Stiamo mettendo a rischio l’intero comparto agroalimentare di Parma e Reggio Emilia per colpa di chi non ha mai provveduto ad impegnarsi per garantire le acque che servono a queste attività. L’ex Ministro dell’Agricoltura Giovanni Marcora negli anni 70 chiese che venissero fatti gli studi per la Diga di Vetto; purtroppo morì giovane, ma la sua idea andò avanti e ne fu fatta la Progettazione. Ma la cosa assurda e inconcepibile è il fatto che le carenze idriche dovrebbero essere l’ultimo dei problemi di Parma e Reggio Emilia, dato che dalla dorsale Appenninica scendono miliardi di metri cubi di acqua di montagna, acqua che viene mandata a mare senza trattenerne un metro cubo. È privo di alcun buon senso e sintomo di disinteressamento verso il territorio e le attività agricole, si sprecano tutte le acque di montagna per poi prelevare dalle falde, a profondità sempre maggiori, oppure si pompano le acque del Po con tutto quello che contengono, e si usano per irrigare ciò che poi troviamo sulle nostre tavole; lo spreco delle acque montane è pura follia.

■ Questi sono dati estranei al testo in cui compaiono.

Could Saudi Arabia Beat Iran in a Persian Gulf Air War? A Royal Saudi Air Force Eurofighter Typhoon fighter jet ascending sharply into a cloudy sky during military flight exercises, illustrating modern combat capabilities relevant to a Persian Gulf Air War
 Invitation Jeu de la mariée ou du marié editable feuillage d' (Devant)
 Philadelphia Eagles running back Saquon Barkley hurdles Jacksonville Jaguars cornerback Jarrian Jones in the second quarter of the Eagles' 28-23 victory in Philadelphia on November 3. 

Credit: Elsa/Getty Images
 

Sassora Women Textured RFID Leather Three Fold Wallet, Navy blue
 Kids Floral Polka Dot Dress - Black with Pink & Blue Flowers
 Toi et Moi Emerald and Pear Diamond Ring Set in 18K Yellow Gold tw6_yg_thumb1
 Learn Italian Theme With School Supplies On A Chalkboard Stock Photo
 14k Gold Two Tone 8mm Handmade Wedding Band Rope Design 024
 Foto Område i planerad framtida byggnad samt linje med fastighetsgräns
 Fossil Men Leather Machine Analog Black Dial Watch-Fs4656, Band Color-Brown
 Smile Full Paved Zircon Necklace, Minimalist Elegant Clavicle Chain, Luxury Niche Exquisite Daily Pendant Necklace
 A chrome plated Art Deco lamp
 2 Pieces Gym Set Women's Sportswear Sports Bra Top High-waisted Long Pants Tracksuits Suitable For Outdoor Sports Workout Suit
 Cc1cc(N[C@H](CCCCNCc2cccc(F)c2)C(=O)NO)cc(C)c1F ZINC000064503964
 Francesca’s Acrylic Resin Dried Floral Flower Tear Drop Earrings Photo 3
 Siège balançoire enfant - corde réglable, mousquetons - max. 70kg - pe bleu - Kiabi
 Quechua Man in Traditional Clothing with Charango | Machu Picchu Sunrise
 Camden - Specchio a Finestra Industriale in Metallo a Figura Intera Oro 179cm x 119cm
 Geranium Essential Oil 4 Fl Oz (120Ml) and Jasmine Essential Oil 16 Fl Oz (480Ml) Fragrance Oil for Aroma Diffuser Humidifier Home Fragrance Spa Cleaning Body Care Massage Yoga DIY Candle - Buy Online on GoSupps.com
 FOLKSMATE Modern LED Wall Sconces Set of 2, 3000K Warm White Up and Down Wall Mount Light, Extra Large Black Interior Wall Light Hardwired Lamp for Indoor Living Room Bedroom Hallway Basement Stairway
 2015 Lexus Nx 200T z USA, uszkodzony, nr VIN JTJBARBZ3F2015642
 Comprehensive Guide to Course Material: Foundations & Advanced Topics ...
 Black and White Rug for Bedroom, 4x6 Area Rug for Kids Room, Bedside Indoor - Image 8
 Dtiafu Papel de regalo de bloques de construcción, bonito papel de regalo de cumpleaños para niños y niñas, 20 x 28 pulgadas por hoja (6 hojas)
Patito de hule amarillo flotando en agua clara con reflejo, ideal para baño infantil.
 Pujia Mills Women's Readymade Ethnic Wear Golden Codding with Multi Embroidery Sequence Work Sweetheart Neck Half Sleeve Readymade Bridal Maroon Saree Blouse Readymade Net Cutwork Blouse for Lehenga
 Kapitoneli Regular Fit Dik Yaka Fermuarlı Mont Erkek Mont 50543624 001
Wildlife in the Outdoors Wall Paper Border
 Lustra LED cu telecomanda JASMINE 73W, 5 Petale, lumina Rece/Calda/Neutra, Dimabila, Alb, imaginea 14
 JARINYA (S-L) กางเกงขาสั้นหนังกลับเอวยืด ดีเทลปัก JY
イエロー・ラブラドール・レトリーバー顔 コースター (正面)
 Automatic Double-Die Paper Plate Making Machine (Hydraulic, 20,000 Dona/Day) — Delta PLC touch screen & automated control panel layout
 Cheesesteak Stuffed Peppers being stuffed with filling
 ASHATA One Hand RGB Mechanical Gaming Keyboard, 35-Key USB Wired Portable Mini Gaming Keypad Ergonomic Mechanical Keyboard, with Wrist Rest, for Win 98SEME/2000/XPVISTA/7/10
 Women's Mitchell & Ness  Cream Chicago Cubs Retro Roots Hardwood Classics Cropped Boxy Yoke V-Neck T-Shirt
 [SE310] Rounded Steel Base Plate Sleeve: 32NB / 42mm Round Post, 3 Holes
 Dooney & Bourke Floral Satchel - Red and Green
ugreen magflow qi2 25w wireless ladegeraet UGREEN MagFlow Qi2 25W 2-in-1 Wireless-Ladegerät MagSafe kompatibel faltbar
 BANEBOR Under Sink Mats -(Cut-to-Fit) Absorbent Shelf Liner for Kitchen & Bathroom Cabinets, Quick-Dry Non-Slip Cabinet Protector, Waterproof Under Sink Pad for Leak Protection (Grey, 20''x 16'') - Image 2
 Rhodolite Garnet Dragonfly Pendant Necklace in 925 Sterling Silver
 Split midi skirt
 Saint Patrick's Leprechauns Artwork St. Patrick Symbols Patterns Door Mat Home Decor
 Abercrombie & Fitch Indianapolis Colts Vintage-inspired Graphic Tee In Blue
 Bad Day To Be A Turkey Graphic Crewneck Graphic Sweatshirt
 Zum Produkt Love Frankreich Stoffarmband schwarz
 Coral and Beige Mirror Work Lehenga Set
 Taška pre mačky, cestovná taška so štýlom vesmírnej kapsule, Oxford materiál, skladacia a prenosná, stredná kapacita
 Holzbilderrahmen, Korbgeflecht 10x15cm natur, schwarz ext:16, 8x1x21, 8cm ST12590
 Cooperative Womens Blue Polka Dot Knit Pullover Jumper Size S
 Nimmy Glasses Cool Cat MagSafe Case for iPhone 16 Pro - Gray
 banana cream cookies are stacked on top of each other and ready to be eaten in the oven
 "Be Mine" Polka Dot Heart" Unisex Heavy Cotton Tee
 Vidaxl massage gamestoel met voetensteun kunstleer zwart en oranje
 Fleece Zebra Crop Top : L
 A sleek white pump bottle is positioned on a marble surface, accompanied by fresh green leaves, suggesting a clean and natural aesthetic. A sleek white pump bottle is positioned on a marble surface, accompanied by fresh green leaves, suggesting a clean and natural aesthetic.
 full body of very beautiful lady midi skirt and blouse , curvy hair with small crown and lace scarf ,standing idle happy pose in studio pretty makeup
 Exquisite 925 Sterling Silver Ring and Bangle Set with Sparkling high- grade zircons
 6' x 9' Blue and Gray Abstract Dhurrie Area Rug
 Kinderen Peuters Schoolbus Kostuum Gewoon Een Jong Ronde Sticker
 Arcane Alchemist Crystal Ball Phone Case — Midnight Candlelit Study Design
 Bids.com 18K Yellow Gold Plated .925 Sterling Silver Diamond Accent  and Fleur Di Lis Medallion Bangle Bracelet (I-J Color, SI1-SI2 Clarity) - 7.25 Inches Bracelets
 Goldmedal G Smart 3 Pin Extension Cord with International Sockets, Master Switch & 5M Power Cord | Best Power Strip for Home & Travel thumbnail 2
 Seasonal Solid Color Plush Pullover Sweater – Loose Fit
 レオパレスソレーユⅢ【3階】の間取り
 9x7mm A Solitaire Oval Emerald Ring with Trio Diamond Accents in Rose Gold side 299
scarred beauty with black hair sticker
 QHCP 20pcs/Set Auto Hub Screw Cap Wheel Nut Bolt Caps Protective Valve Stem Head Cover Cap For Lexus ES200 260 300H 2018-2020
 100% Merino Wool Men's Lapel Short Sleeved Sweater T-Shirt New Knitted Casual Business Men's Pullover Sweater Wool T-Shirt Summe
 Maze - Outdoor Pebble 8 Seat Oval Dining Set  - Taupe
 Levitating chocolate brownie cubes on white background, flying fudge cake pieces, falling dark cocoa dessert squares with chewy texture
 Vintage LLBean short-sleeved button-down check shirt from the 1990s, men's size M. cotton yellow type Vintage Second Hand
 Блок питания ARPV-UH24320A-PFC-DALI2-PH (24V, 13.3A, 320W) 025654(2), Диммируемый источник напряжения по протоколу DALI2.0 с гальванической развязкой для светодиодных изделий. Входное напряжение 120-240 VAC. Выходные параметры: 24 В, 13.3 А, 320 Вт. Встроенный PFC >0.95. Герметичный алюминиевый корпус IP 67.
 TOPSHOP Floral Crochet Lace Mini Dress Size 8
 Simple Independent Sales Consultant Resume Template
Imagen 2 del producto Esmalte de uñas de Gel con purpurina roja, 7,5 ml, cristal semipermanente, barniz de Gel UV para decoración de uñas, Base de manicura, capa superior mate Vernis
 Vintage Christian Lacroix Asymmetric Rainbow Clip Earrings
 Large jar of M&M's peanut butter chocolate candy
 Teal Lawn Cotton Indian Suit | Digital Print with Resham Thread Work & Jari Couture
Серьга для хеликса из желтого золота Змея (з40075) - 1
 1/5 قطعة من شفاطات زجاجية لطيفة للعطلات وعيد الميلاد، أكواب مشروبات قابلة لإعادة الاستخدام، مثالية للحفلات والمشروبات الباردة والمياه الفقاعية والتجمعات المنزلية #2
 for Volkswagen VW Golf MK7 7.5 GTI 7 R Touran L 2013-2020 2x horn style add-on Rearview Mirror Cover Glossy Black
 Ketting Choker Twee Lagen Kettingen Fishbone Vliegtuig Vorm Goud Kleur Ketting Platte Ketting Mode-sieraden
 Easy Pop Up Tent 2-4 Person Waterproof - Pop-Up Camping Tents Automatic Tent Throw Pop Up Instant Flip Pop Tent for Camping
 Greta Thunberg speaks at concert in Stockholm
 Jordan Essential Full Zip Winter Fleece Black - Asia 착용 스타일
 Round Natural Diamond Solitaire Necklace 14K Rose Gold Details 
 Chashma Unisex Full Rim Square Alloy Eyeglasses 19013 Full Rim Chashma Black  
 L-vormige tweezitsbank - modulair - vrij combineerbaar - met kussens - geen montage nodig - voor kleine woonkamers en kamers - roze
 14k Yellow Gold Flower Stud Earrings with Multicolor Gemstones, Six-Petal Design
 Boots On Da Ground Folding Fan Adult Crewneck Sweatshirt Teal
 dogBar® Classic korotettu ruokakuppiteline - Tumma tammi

La diga di Ridracoli ha avuto molto successo nel proteggere dalla siccità il suo territorio, se ne potrebbe quindi costruire una a Vetto seguendo il suo esempio? Se no, c’è un modello a cui si possa ispirare, in Italia o all’estero?

La diga di Ridracoli è alta 103 metri, 20 in più di quella che si progetta per Vetto; questa costruzione ha messo in sicurezza il turismo della Romagna dal pericolo di restare senza acqua idropotabile, i romagnoli sono gente che ciò che serve lo fa: ricordo che vari ambientalisti cercarono di occupare il cantiere per impedire l’esecuzione dei lavori, ma furono sempre respinti, mentre a Vetto non lo fece nessuno. Oggi la Romagna senza la Diga di Ridracoli non avrebbe futuro, come non ce l’avranno le terre del Parmigiano Reggiano senza la Diga di Vetto. Quella di Ridracoli è solo ad uso idropotabile e idroelettrico, non è a uso irriguo, come invece sarebbe la nostra. La maggior capacità idrica della Diga di Vetto, pur essendo di 20 metri più bassa, è dovuta al fatto di avere a monte una vallata molto aperta; però le acque della Diga di Vetto non devono alimentare solo dei rubinetti di Parma e Reggio Emilia, ma anche dei canali irrigui, e questo comporta la necessità di una discreta capacità idrica. La diga di Vetto come da Progetto Marcello sarebbe sempre tutto sommato di piccole dimensioni, con un invaso di 100 milioni di metri cubi: in Sardegna la diga di Eleonora d’Arborea l’ha di 800 milioni, quella di Monte Cotugno, in Basilicata, ne tiene 600 milioni; la Salini Impregilo sta costruendo in Etiopia una diga da 84 miliardi di metri cubi, la Cina ne sta facendo ovunque, e qui si contesta un piccolo invaso da 100 milioni. In Italia eravamo primi al mondo nella costruzione di dighe, cultura che ci è pervenuta dagli antichi romani, che costruivano dighe e acquedotti dalla Siria, alla Spagna e all’Italia, e ora invece stiamo rimanendo indietro.